PROBLEM:
The required output is the lines below from the line containing "Handgefertigter gehäkelter Schildkröten-Schlüsselanhänger" to the line containing "5849 Park Vista", inclusive, retyped exactly. No other lines belong in it.

━━━━━━━━━━━━━━━━━━━━

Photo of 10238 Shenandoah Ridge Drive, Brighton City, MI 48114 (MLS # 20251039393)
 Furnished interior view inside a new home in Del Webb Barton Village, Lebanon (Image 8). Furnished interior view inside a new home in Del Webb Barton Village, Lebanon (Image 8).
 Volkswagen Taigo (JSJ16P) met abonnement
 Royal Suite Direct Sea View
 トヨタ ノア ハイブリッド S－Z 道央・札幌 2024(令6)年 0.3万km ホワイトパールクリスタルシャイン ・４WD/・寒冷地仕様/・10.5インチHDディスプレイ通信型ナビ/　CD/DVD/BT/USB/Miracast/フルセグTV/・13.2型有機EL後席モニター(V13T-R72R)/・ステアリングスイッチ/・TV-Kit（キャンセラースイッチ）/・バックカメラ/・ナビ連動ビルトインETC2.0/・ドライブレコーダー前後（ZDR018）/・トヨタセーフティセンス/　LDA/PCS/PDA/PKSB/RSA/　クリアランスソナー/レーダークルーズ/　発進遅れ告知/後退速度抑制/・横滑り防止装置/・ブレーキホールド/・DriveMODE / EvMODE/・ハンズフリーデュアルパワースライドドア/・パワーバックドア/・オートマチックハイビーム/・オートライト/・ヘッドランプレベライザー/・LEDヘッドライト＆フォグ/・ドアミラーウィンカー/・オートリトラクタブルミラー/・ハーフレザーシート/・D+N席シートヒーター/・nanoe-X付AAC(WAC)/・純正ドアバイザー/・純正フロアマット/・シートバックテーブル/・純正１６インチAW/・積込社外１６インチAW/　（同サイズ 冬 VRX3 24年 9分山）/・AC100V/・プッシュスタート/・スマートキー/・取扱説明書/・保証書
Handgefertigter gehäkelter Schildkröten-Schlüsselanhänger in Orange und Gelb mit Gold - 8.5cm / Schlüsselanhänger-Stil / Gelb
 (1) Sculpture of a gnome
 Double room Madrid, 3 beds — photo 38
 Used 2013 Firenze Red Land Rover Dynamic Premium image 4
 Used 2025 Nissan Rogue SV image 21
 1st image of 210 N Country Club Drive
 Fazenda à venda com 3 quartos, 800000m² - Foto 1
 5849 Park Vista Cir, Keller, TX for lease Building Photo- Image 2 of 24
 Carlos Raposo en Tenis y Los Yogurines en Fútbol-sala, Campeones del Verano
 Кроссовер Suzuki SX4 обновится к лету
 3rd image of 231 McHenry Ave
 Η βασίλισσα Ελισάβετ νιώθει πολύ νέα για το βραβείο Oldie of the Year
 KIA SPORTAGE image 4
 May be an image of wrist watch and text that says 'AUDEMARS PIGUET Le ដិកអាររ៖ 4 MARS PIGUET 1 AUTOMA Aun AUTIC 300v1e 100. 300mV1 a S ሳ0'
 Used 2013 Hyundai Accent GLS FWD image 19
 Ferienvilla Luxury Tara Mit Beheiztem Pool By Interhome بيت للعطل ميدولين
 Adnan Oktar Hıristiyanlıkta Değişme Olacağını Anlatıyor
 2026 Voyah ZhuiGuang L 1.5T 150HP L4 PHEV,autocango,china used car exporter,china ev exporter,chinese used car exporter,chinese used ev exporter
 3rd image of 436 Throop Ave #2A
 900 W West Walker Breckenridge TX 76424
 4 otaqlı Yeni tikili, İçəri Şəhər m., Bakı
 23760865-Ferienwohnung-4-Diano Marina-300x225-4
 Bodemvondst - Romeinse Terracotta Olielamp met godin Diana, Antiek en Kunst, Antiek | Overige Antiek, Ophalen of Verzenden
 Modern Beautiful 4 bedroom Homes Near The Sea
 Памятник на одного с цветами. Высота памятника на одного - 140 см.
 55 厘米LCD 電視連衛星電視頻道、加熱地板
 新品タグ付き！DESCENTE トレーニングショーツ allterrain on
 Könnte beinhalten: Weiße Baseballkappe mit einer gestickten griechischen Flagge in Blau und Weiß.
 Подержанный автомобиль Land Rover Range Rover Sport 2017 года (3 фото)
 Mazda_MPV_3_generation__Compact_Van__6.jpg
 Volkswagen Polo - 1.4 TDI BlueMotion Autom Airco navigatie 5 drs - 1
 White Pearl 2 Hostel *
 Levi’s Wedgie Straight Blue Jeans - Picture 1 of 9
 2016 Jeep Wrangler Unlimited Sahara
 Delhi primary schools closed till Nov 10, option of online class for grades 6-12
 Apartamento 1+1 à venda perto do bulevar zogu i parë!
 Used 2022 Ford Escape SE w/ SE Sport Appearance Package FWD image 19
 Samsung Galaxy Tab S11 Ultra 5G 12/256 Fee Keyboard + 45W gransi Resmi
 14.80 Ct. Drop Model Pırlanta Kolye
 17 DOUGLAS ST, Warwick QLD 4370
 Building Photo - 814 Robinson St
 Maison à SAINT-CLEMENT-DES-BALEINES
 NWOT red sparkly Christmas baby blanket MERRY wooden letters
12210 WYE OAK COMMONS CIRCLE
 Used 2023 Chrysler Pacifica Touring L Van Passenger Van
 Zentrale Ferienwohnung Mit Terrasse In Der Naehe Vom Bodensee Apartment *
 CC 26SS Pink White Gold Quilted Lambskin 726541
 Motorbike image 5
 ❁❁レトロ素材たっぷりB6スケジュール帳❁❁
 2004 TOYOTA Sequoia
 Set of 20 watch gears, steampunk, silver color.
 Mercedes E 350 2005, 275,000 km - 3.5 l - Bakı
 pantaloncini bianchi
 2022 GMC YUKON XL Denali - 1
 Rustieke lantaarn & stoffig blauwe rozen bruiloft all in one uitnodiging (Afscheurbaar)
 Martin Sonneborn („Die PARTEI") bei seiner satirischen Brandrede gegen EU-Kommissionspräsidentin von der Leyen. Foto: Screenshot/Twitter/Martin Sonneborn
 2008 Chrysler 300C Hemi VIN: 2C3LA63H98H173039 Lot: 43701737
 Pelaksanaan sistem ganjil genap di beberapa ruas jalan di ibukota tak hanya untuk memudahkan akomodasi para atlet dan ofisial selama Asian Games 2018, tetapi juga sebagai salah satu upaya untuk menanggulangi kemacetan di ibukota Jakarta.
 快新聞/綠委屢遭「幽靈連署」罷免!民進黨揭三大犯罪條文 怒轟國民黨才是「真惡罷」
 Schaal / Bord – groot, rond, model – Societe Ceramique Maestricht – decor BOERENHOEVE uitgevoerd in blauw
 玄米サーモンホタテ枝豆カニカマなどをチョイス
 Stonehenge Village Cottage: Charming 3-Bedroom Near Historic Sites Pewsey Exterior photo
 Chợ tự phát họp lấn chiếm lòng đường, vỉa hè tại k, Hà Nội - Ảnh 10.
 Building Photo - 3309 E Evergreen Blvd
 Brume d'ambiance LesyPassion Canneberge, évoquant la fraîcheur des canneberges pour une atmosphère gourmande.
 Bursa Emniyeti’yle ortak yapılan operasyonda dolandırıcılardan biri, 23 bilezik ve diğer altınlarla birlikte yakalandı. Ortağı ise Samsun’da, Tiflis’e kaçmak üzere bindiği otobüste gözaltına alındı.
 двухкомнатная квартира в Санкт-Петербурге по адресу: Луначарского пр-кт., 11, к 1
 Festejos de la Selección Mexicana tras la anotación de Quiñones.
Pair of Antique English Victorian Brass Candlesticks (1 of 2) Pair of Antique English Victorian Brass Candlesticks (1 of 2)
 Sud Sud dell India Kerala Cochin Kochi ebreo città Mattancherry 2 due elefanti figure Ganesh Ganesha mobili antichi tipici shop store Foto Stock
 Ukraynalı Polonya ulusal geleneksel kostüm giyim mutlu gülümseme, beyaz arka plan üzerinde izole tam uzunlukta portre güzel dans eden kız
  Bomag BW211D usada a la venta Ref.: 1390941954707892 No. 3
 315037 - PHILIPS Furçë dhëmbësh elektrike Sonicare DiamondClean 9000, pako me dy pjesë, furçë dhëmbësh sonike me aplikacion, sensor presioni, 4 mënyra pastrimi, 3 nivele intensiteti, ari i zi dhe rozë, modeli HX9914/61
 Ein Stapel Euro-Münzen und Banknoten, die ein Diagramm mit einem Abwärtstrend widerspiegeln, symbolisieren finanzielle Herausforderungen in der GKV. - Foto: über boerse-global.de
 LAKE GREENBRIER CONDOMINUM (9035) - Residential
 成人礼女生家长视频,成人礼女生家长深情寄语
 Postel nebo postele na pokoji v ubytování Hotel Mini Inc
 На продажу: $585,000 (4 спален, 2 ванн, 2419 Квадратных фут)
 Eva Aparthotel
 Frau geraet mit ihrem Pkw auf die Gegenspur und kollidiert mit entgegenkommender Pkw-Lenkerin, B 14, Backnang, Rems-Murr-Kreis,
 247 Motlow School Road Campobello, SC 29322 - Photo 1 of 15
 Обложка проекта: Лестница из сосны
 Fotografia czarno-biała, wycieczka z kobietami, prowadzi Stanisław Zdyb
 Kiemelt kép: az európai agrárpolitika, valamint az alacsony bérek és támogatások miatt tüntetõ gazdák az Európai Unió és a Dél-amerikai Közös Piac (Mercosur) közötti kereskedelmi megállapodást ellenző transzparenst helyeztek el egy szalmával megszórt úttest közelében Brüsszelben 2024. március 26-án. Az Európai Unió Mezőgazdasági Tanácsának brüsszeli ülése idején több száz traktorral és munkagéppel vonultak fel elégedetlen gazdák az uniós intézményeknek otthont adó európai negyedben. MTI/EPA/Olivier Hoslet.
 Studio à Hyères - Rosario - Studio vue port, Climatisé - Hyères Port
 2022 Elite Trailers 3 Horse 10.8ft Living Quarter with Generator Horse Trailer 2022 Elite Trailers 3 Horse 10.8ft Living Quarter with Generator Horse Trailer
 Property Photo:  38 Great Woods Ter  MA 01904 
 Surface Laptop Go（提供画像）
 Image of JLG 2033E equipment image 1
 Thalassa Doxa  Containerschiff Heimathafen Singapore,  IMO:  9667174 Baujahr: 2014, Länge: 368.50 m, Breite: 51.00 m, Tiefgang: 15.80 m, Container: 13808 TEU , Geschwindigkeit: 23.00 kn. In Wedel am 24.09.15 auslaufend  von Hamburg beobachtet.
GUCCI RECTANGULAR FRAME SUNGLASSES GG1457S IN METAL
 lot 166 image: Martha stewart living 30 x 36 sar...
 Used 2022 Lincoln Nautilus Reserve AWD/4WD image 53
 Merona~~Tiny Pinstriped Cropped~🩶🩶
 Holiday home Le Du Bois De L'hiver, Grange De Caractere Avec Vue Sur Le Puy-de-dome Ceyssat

━━━━━━━━━━━━━━━━━━━━

EXERCISE ANSWER:
Handgefertigter gehäkelter Schildkröten-Schlüsselanhänger in Orange und Gelb mit Gold - 8.5cm / Schlüsselanhänger-Stil / Gelb
 (1) Sculpture of a gnome
 Double room Madrid, 3 beds — photo 38
 Used 2013 Firenze Red Land Rover Dynamic Premium image 4
 Used 2025 Nissan Rogue SV image 21
 1st image of 210 N Country Club Drive
 Fazenda à venda com 3 quartos, 800000m² - Foto 1
 5849 Park Vista Cir, Keller, TX for lease Building Photo- Image 2 of 24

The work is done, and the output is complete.